The judgment of the Supreme Court convicting the defendant, after jury trial, of criminal possession of a controlled substance in the fifth degree and seventh degree, and sentencing him, as a second felony offender, to concurrent terms of 2 1/2 to 5 years and 1 year, respectively is affirmed.
The defendant relies on the decision which concluded that the knowingly requirement of Penal Law, setting forth the elements of criminal drug possession of a controlled substance in the second degree, applies also to the weight of the controlled substance, and that the trial evidence was insufficient to satisfy that mental culpability element. The defendant’s challenge here to the sufficiency of proof as to his knowledge of the weight of the controlled substance, however, was not preserved; he failed to object to the charge as given to the jury, and the court’s consideration of his claim is foreclosed as a matter of law.

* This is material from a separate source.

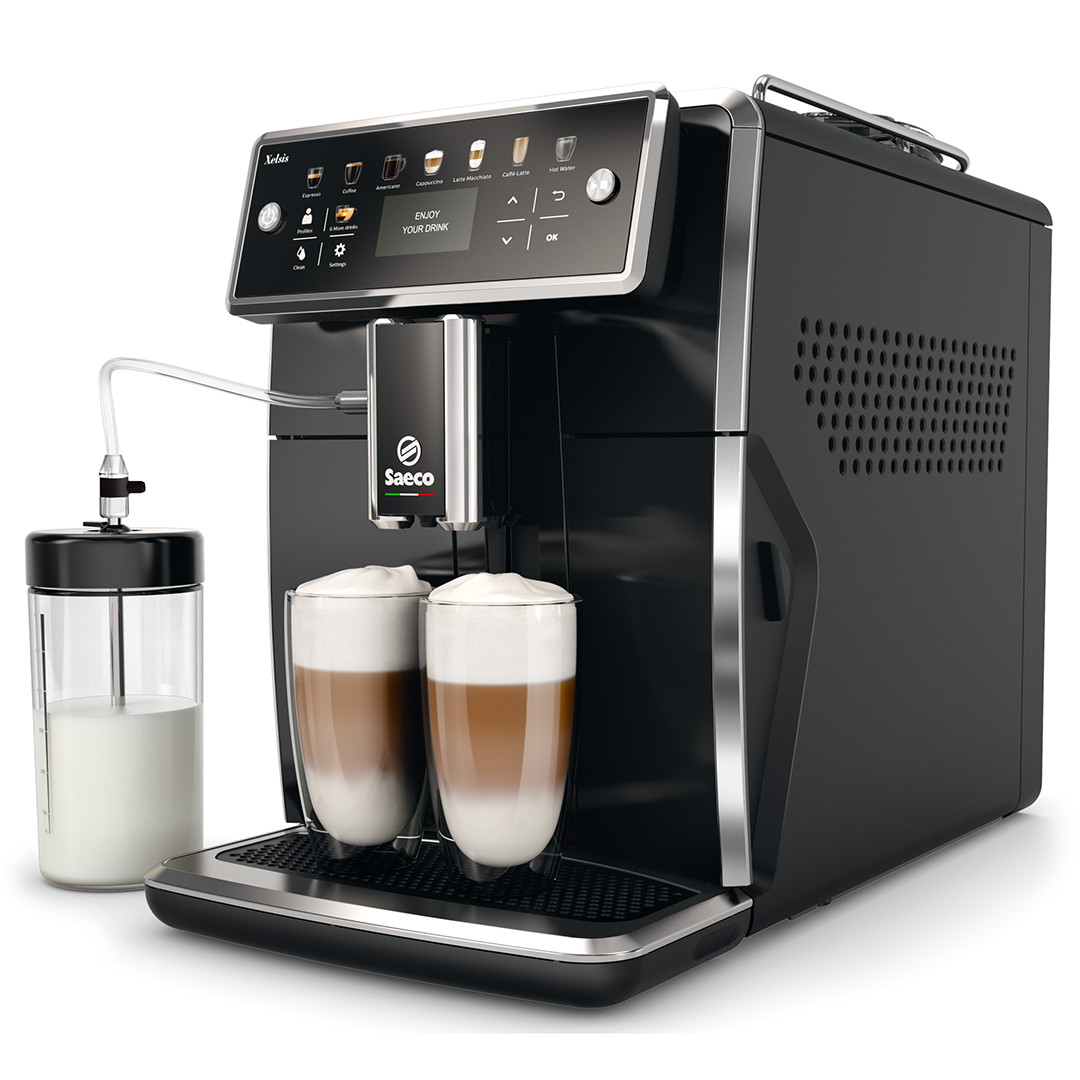 Кофемашина Saeco Xelsis, Philips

Moreover, even if the issue had been preserved, it has not been shown that the trial evidence here was insufficient to satisfy the mental culpability element. In examining the record for legal sufficiency, the evidence must be viewed in a light most favorable to the People to determine whether there is a valid line of reasoning and permissible inferences from which a rational jury could have found the elements of the crime proved beyond a reasonable doubt. The defendant had thirteen vials of crack containing, in all, 1099 milligrams of cocaine, more than twice the 500 milligram element of criminal possession of a controlled substance in the fifth degree set forth in Penal Law. It is not that he would be expected to know the weight of the cocaine by hefting the vials in his hand but that a rational jury might conclude that a person observed making hand-to-hand contacts with several passers-by in the street and in possession of thirteen vials containing 1099 milligrams of cocaine when the police thereafter approached him, would know the nature and weight of the essential element in the product he was carrying. The Court of Appeals recognized that often there will be evidence from which the requisite knowledge may be deduced. However, the Court was dealing with a conviction for attempted possession of psilocybin, a hallucinogen, in a package of mushrooms, and noted that the same inference may be unavailable for such controlled substances measured by pure weight for purposes of the statutory definitions of the crime but customarily combined with other substances to facilitate handling and use. Penal Law, for violation of which the defendant here was convicted, is similarly in terms of pure weight, but of cocaine, a much more common drug in our society and one commonly sold in the form of crack in vials. Here the test being described whether sufficient evidence was presented at trial from which it could be inferred that the defendant had the requisite knowledge of weight would have been met if the question had been preserved. No marijuana was found.